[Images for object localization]
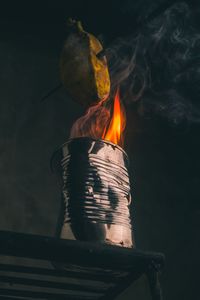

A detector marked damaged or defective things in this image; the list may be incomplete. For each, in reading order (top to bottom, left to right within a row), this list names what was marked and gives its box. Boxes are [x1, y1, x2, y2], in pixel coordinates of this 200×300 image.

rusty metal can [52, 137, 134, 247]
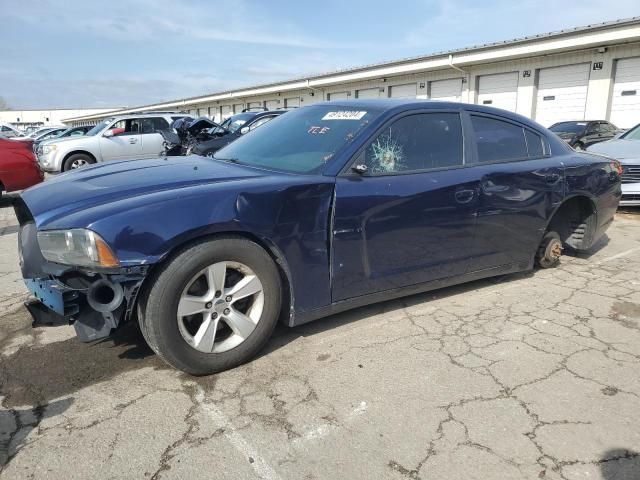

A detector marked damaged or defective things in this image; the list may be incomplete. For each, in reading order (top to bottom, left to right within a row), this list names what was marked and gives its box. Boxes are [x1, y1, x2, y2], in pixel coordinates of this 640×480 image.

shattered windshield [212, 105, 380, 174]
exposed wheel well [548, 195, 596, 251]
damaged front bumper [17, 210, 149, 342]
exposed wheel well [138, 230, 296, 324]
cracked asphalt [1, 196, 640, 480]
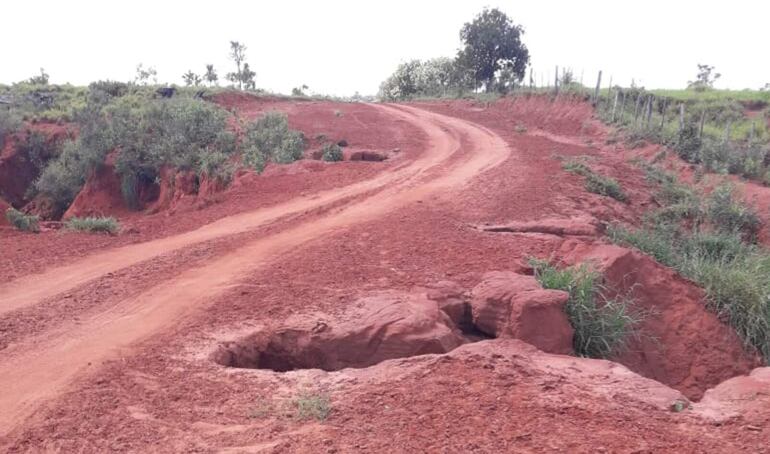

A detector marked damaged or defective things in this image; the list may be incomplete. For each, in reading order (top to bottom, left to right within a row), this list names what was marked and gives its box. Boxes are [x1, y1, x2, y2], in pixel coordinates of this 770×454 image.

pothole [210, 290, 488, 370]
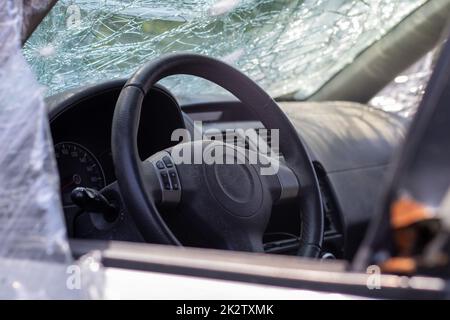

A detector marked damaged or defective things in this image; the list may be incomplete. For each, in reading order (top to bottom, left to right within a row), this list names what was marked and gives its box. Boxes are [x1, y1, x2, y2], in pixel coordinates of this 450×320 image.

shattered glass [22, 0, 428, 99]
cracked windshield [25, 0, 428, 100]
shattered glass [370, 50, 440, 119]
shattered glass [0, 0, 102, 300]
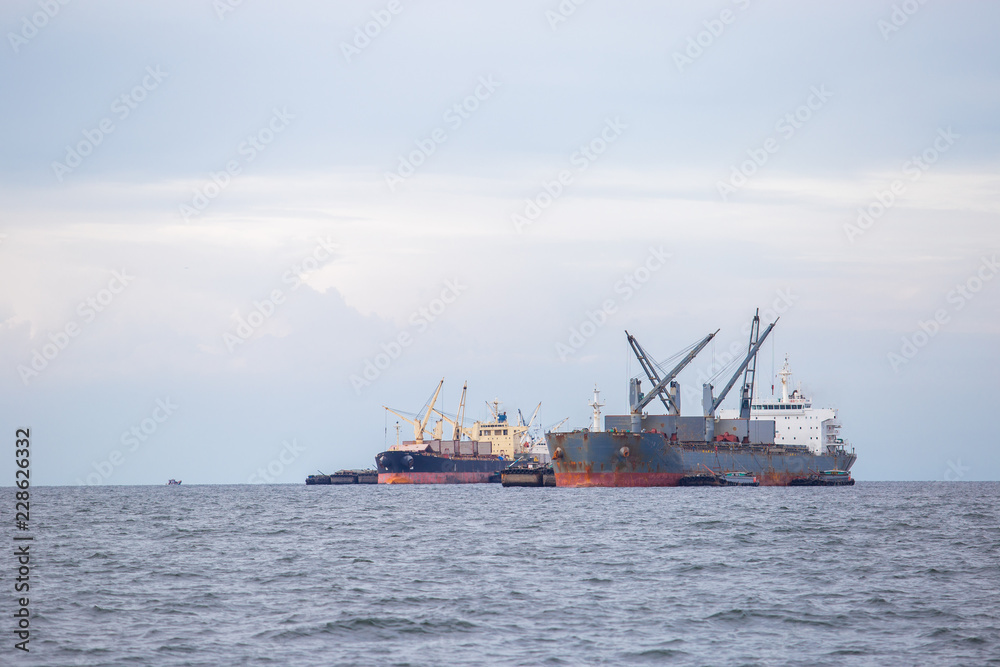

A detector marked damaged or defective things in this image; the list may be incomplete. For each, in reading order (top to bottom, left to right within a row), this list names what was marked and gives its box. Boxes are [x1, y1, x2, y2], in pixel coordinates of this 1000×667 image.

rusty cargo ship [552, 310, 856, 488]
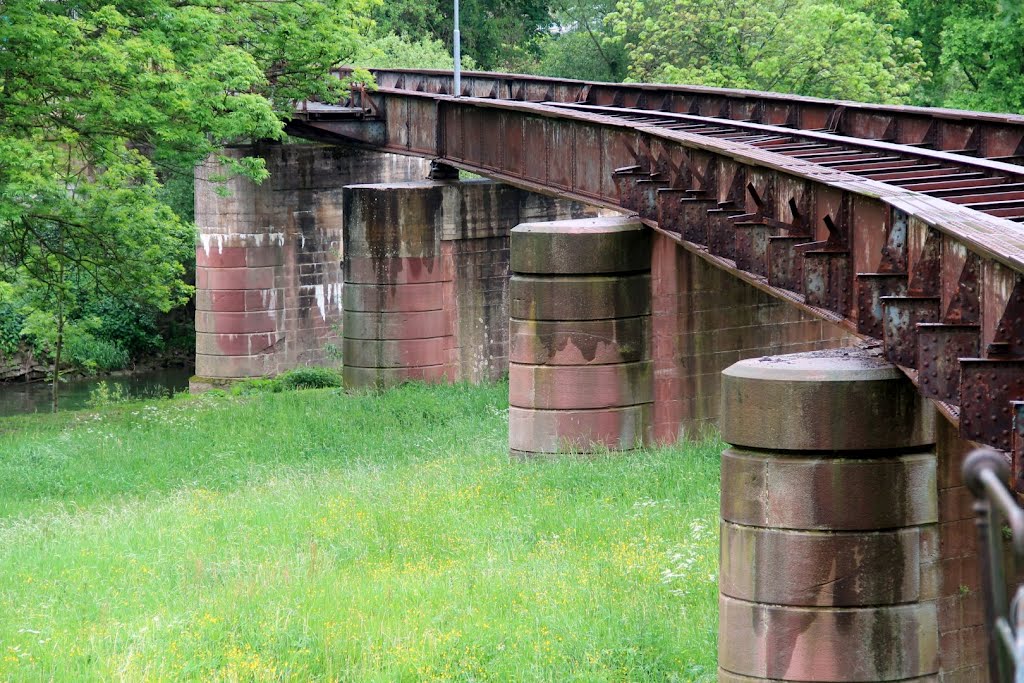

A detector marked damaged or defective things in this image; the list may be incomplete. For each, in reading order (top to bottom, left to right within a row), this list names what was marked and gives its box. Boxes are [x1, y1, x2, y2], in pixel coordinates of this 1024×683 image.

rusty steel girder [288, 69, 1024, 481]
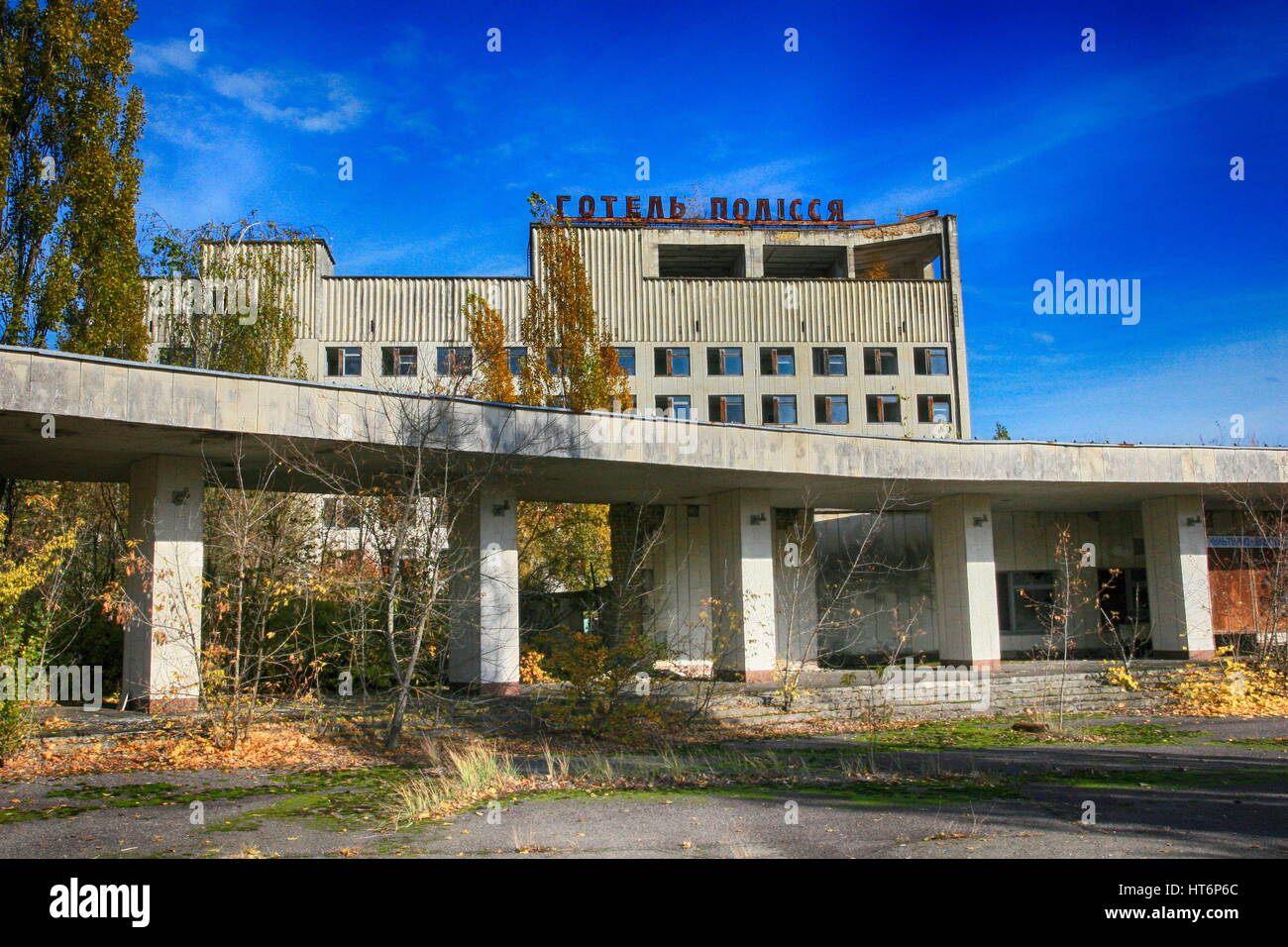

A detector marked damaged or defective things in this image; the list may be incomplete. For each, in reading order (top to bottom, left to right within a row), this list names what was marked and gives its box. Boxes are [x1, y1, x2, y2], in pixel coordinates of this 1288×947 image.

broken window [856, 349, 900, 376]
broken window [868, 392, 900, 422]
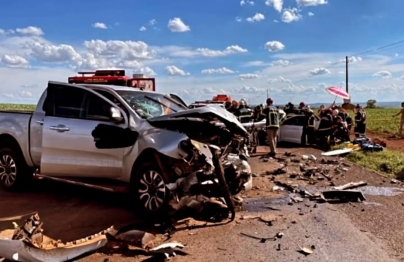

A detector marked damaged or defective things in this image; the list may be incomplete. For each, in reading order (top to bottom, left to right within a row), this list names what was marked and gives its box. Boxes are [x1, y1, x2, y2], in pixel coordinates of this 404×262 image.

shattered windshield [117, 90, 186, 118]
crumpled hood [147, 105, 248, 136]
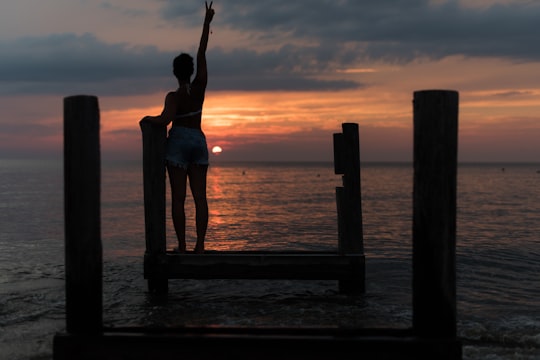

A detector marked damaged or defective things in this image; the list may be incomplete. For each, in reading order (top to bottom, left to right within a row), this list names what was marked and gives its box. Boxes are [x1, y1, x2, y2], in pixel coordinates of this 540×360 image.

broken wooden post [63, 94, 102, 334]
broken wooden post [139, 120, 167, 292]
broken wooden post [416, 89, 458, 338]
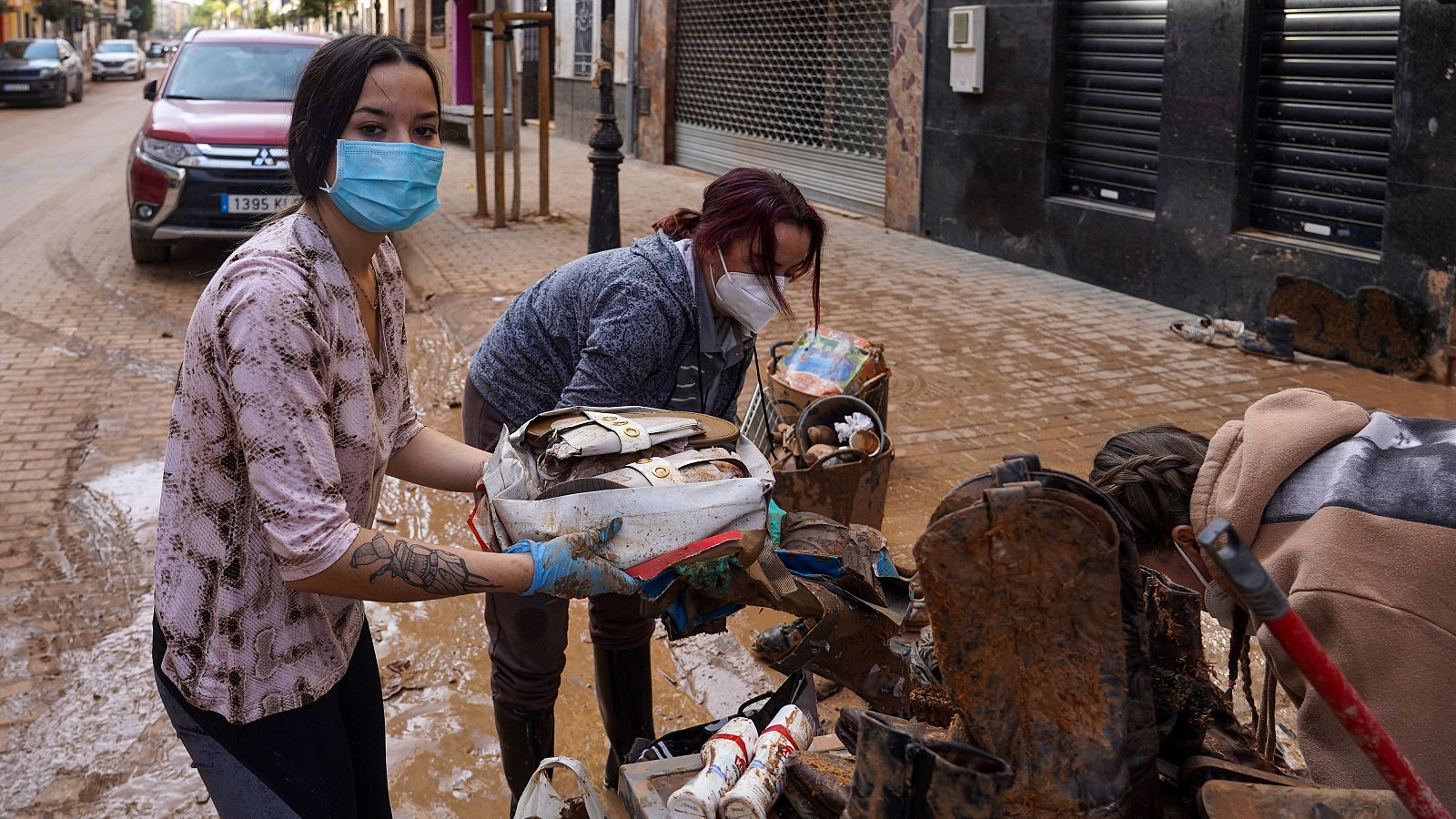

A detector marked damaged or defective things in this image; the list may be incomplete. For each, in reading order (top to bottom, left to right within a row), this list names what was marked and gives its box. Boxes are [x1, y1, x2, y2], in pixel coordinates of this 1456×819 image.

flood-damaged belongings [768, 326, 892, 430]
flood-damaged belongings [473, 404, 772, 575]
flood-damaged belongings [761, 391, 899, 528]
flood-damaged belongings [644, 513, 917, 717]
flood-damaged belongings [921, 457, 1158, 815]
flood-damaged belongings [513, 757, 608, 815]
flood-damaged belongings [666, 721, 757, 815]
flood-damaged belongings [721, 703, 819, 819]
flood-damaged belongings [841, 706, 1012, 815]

> [REQUIREMENT] The lines from the one holding "this 1456×819 image." to the end of the entries are to be repeated exactly, with both ends included and nothing else.

> [WRITTEN REPLY]
A detector marked damaged or defective things in this image; the list may be incomplete. For each, in reading order (top to bottom, left to right within a row), this list names what was marked and gives its box. Boxes are [x1, y1, x2, y2], in pixel coordinates of this 1456×819 image.

flood-damaged belongings [768, 326, 892, 430]
flood-damaged belongings [473, 404, 772, 575]
flood-damaged belongings [761, 391, 899, 528]
flood-damaged belongings [644, 513, 917, 717]
flood-damaged belongings [921, 457, 1158, 815]
flood-damaged belongings [513, 757, 608, 815]
flood-damaged belongings [666, 721, 757, 815]
flood-damaged belongings [721, 703, 819, 819]
flood-damaged belongings [841, 706, 1012, 815]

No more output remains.